I've proved that if $(X, d)$ is a geodesic metric space then there exists a graph which is quasi-isometric to $X$. During this proof I've precisely used the fact that given two point in $X$ there exists a distance minimizing curve inside $X$ joining those two points.
After this I've tried to generalize my proof for arbitrary metric space, which I could not. Now I think it is not true in general. I've an intuitive guess for a counter-example: consider $X=\{x_i \mid i \in \mathbb{N}\}$ and $d(x_i,x_j)= |i^2 - j^2|$. I think for this metric space there dose not exists any graph quasi-isometric with $(X,d)$ but till now I could not able to prove it.
Can anybody provide me some hints or some counter-example for this fact, or may be some proof of the fact that given any metric space there exists a graph quasi-isometric to that space?
The answer is negative. A metric graph $G$ is path-connected: any two points can be joined by a continuous path $\gamma:[0,1]\to G$. A quasi-isometry can destroy path-connectivity, but only to a point. Namely, if $f:G\to X$ is a quasi-isometry then the composition of a continuous curve $\gamma :[0,1]\to G$ with a quasi-isometry $f:G\to X$ is a function $g:[0,1]\to X$ that does not jump by more than $B$; that is, its pointwise oscillation, defined as $$\omega_g(x) = \limsup_{y\to x} |g(y)-g(x)| $$ is at most $B$ for every $x$. One may call such functions $B$-roughly-continuous.
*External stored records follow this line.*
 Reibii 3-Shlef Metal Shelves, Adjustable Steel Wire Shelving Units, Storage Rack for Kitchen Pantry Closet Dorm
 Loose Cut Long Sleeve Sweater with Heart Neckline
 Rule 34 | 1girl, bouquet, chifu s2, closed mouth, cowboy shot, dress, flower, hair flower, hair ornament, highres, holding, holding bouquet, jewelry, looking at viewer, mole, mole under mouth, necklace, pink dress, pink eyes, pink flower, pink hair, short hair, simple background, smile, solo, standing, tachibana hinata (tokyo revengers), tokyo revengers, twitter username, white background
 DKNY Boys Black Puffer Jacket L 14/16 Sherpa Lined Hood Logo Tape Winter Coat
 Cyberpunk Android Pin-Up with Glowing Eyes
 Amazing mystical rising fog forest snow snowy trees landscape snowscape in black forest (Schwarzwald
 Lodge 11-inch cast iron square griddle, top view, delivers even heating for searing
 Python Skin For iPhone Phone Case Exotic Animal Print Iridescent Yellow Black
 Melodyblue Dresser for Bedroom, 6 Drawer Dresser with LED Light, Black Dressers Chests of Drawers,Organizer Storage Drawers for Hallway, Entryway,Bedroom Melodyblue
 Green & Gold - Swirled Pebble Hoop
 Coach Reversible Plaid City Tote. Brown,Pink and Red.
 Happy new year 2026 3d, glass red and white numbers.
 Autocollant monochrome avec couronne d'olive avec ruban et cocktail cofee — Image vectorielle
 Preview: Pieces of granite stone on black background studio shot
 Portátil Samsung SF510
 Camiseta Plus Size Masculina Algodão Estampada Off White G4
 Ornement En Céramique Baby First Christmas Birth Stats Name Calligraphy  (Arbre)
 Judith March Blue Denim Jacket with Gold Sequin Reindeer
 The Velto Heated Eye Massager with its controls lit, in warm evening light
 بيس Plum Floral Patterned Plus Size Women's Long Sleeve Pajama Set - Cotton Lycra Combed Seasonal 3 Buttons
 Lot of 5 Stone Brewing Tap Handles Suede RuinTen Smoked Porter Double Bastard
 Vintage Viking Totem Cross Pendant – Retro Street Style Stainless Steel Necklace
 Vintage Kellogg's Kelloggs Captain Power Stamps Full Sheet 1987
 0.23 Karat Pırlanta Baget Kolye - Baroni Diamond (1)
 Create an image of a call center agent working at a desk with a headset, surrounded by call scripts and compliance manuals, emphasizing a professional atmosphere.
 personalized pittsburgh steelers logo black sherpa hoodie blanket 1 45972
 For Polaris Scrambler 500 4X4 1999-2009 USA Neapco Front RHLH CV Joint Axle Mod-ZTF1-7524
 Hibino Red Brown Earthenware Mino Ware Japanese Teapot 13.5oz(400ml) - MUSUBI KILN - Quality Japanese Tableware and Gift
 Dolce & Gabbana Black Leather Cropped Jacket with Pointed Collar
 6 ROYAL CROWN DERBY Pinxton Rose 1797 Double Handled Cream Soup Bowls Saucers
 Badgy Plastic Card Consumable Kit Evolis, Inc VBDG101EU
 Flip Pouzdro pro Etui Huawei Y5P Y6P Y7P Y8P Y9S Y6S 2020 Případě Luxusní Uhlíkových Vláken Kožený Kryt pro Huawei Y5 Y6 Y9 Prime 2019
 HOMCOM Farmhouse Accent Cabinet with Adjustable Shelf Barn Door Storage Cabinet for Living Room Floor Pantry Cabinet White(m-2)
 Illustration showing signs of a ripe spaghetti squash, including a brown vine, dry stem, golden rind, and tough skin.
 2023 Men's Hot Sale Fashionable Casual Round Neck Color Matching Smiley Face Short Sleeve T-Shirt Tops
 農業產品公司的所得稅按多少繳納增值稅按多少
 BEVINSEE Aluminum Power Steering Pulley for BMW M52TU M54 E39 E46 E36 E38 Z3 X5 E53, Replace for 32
Your example, $\{n^2 : n\in\mathbb{N}\}$, can be used here. Pick $n$ such that $(n+1)^2-n^2 > B$, and argue that there is no $B$-roughly continuous function from $[0,1]$ to $X$ that takes on the values $n^2$ and $(n+1)^2$. Indeed, for such a function both sets $\{t:g(t)\le n^2\}$ and $\{t:g(t)\ge (n+1)^2\}$ would be nonempty, disjoint, and open in $[0,1]$.
(For example: if $g(t)\le n^2$, then $t$ has a neighborhood in which $g<n^2+B+\epsilon$, but this means $g\le n^2$ in this neighborhood if $\epsilon$ is small enough.)